● Problem
Look for the string "Bright" in the data below, and copy each line that holds it.

● Task inputs
────────
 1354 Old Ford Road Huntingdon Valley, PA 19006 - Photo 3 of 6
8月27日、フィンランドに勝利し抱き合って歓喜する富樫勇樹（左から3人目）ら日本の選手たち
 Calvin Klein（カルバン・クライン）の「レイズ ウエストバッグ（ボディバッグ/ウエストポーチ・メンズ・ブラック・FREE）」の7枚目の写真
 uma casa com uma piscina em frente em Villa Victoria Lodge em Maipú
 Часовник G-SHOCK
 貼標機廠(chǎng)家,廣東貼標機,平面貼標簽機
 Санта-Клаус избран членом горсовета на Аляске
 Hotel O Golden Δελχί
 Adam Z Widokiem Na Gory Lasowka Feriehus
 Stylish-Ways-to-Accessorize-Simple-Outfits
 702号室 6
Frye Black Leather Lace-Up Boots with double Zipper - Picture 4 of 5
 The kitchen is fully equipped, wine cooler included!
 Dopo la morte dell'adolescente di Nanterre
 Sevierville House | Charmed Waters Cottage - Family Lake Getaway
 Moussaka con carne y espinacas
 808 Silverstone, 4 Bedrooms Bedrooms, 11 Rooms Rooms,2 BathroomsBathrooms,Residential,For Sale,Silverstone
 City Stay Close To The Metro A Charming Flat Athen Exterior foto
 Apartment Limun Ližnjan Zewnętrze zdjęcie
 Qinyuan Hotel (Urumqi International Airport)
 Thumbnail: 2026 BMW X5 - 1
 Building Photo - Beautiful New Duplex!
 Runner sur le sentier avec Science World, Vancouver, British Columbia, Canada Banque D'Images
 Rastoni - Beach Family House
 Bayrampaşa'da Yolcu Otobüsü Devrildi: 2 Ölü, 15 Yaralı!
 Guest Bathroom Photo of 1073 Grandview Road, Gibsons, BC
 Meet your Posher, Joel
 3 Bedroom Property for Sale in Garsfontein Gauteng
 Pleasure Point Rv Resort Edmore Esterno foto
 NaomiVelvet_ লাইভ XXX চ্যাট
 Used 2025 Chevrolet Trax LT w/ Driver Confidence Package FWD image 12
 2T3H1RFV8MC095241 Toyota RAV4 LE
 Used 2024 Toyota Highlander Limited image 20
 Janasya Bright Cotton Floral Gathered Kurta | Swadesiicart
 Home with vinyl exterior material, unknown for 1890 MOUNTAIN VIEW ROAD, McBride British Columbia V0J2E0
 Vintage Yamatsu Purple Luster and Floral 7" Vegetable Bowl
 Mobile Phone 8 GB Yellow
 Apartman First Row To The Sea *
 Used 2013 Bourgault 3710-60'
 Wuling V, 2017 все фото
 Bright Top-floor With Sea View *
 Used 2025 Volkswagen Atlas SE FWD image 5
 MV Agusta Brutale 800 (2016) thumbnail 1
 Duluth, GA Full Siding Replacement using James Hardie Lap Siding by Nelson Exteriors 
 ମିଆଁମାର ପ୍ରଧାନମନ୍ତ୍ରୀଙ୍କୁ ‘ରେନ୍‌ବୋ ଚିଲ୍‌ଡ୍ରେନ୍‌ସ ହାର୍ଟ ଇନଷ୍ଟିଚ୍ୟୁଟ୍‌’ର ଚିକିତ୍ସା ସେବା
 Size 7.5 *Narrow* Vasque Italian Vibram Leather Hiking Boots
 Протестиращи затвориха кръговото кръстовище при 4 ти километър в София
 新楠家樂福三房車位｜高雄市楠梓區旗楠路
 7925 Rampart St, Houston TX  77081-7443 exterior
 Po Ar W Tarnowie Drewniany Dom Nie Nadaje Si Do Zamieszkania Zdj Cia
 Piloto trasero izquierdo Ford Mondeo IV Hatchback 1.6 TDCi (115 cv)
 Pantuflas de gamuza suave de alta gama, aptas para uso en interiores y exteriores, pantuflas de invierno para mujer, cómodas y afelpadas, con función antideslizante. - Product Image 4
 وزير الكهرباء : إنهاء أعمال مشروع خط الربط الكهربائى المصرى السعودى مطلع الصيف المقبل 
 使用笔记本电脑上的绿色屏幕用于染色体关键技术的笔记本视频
────────
● Task output
 Janasya Bright Cotton Floral Gathered Kurta | Swadesiicart
 Bright Top-floor With Sea View *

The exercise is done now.